Beyond the fantasy of holding magical powers, India Nielsen’s works carry through the sense of wanting to act as a portal to something, whether that’s heaven or hell or a feeling of love or grief. Presented with religious treasures since her childhood, she has grown a fascination into escapism. The artist often merges different speeds and painting styles into one work, reacting to a certain inconsistency reflected in our daily life, mostly experienced through the Internet. “I want these factors to literally ‘live’ together – to coexist and vibrate in their own world, powered by their own internal logic.” India mentions. Whether combining text and landscape, close ups and far away views, or non-liner waves through time and space, India’s works maintain a push and pull against each other, or “something that shouldn’t function, but does”. We spoke with the artist about her Degree Show at the RCA, her otherworldly works, and just how she finds the stability between this variety of dialogues and voices.

BACKGROUND

You studied Painting at the Slade School of Art and are currently in your Masters Degree at the RCA. What experiences can you share with us from your art education and how has your practice evolved in this time?

They’re two really different institutions so I feel really fortunate to have experienced both.
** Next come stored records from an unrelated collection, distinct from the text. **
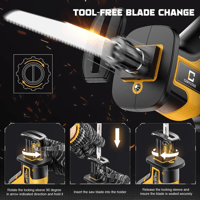 Sakerplus Battery-compatible wireless reciprocating saw
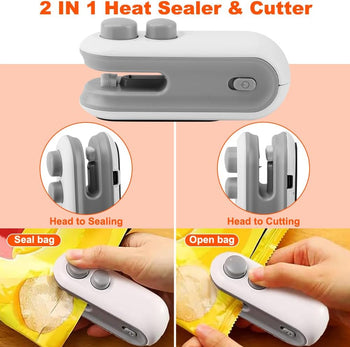 2-in-1 Mini Bag Sealer & Cutter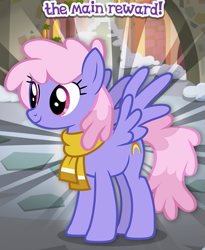 Size: 461x563 | Tagged: safe, gameloft, rainbowshine, pegasus, pony, g4, clothes, female, mare, meme, scarf, solo, wow! glimmer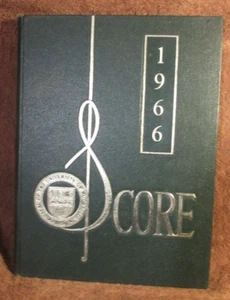 1966 Eastman School of Music Yearbook Rochester New York the Score - Picture 1 of 3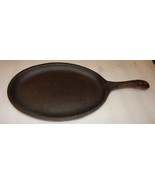 Vintage Cast Iron Oval Fajitas Skillet 10” x 7 1/2” 290N - €16,56 EUR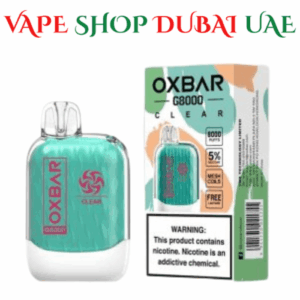 OXBAR G8000 Disposable 5% 8000 Puffs Price in Dubai Clear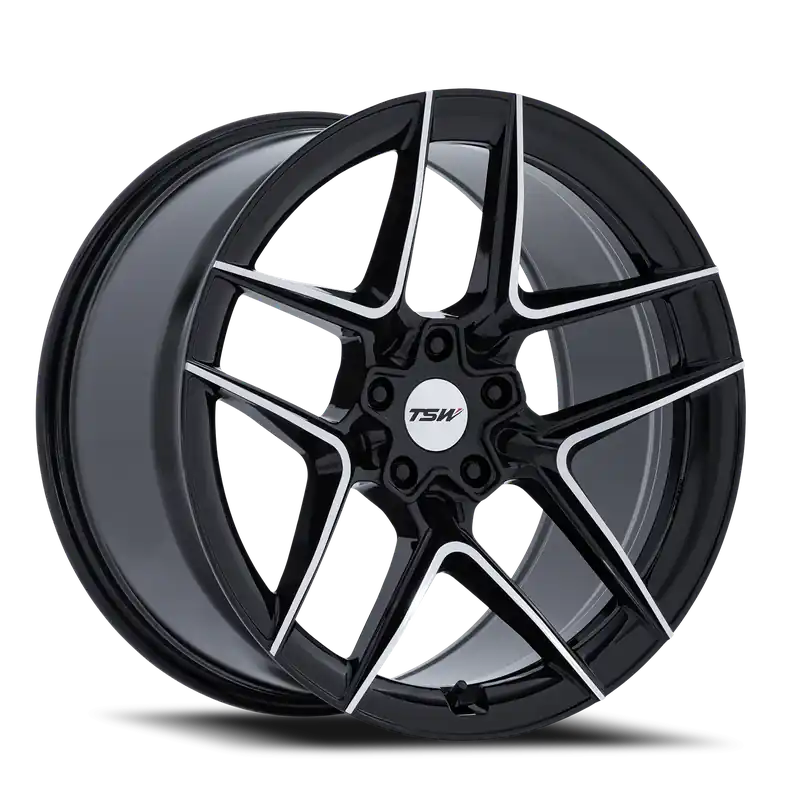 TSW Slipstream BD 20x9 +35 5x114.3mm 72.56mm Gloss Black Machined Face Exclusive Offer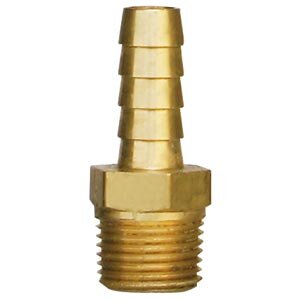 Micro Matic PP4301-FTG 3/8 Inch O.D. Hose Barb Threaded Nipple Draft Beer Part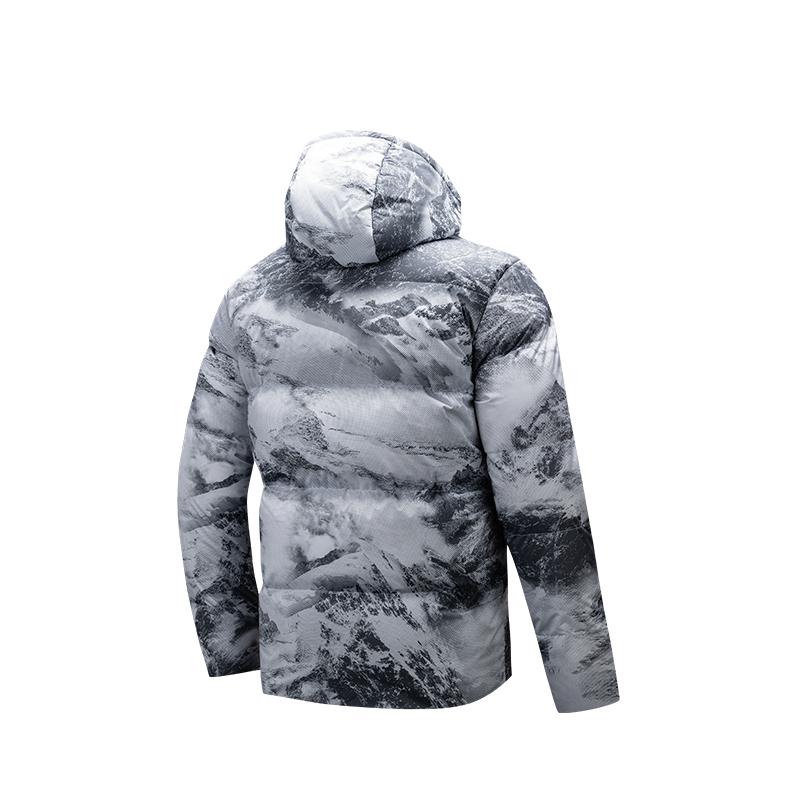 Anta Versatile Zipper Hooded Casual Down Jacket Men Outerwear 952547901-5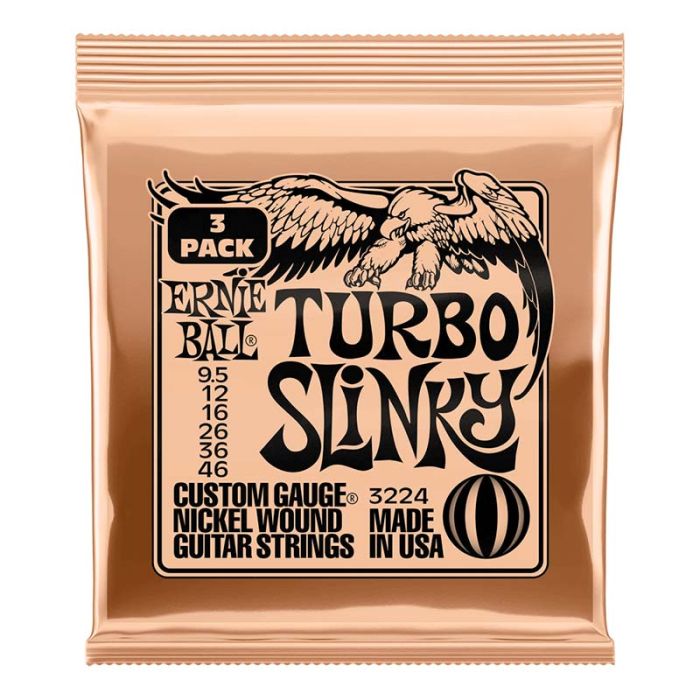 Overview of the Ernie Ball Turbo Slinky 9.5-46 (3 Set Pack)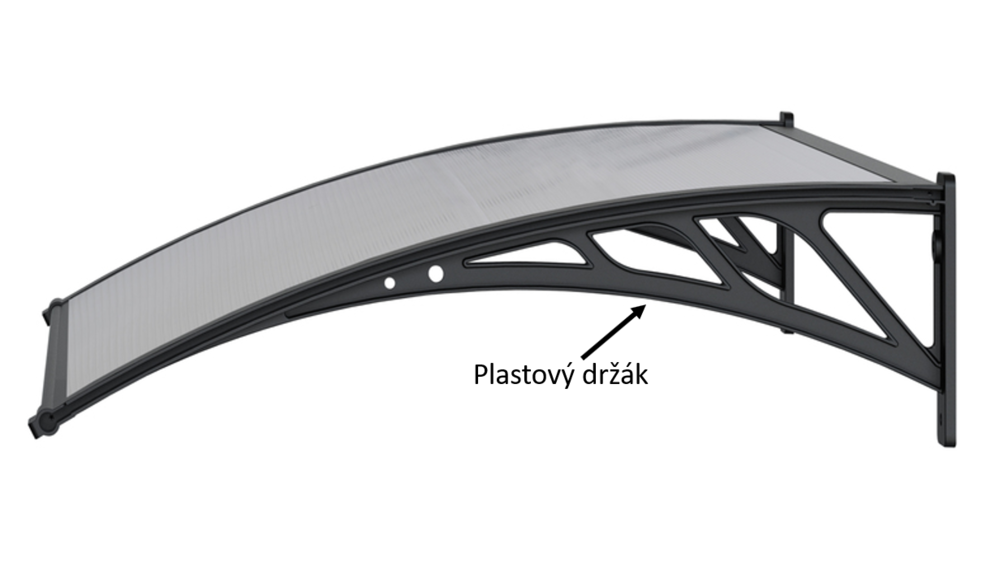 Přístřešek Držák pro vchodový Rojaplast (foto 10)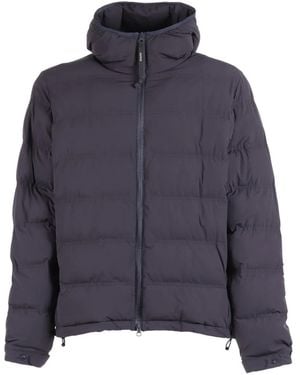 Aspesi Hooded Long-Sleeve Jacket - Blue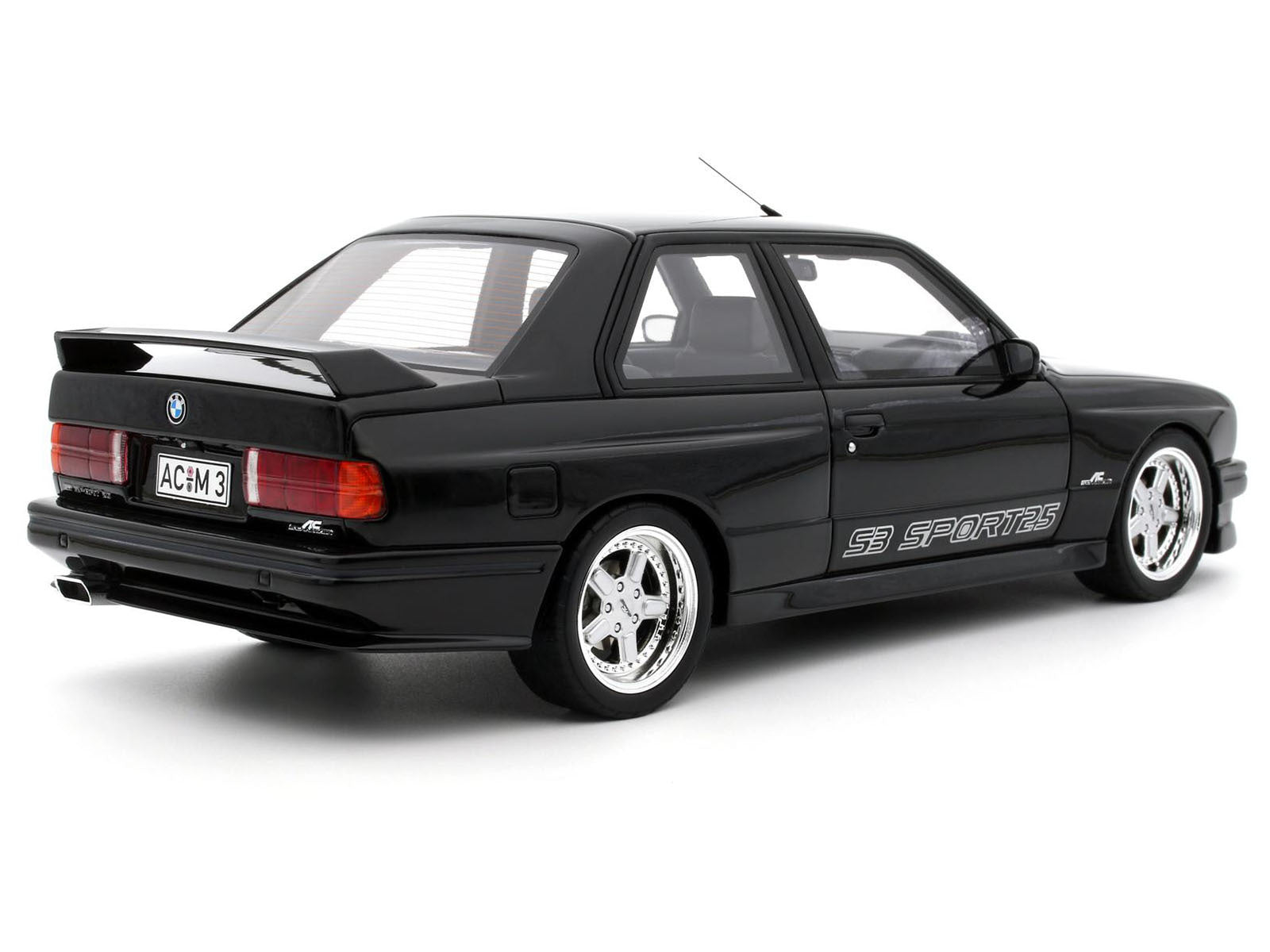 1985 BMW AC Schnitzer ACS3 Sport 2.5 Diamond Black Metallic Limited Edition to 3000 pieces Worldwide 1/18 Model Car by Otto Mobile - Premium BMW Models from Otto Mobile - Just $165.99! Shop now at Rapidvehicles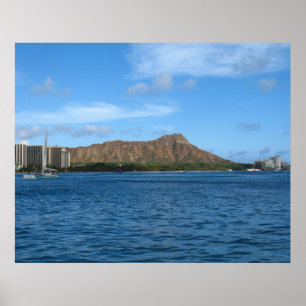 Pôster Diamondhead Oahu Havaí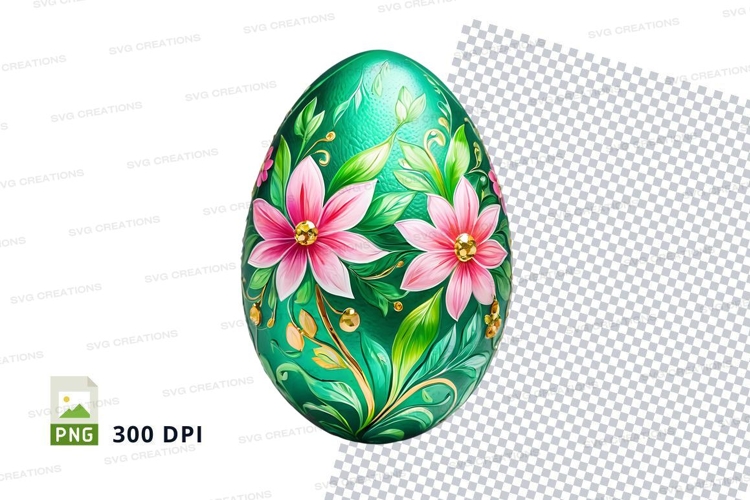 Decorated easter egg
The Slade had a lot of strong personalities, there were only about 40 people in a year on a 4 year course, so it felt like having a big family that you saw every single day. It was quite an intense environment but this was also a really exciting time to experiment. I spent the first couple of years trying lots of different things. I did performances, made music, sculptures, paintings… I remember we had a sculpture crit in the first month at the school and a friend and I drilled wooden boards over the entrances to the room, locking in all the other students and tutors. We hid drills around the room so they could get themselves out. Then we just left the building through the fire escape and hid outside for the rest of the afternoon. I think at this really early stage I was looking for something that drew out an active response from people rather than making something that you just gazed at. However, after a while, and definitely by the time I got to the RCA I was just focussing on painting. I think it can be quite easy to make things that feel different just by switching the medium. When you limit the materials there’s less to hide behind. The RCA is way more laid back, usually people are a bit older or have taken some time out. I think I’ve learned the value of just doing nothing sometimes… taking a break and doing things that have nothing to do with your work. It gives your work much more energy when you come back to it. I’ve felt really happy just zoning out and focussing on making work and this year I think I’ve been the most prolific I’ve ever been. I’ve felt pretty blissed out at times.

You have experienced a strong catholic upbringing given your Italian roots. In what ways does your practice reflect on spirituality, holy art, or catholic imagery?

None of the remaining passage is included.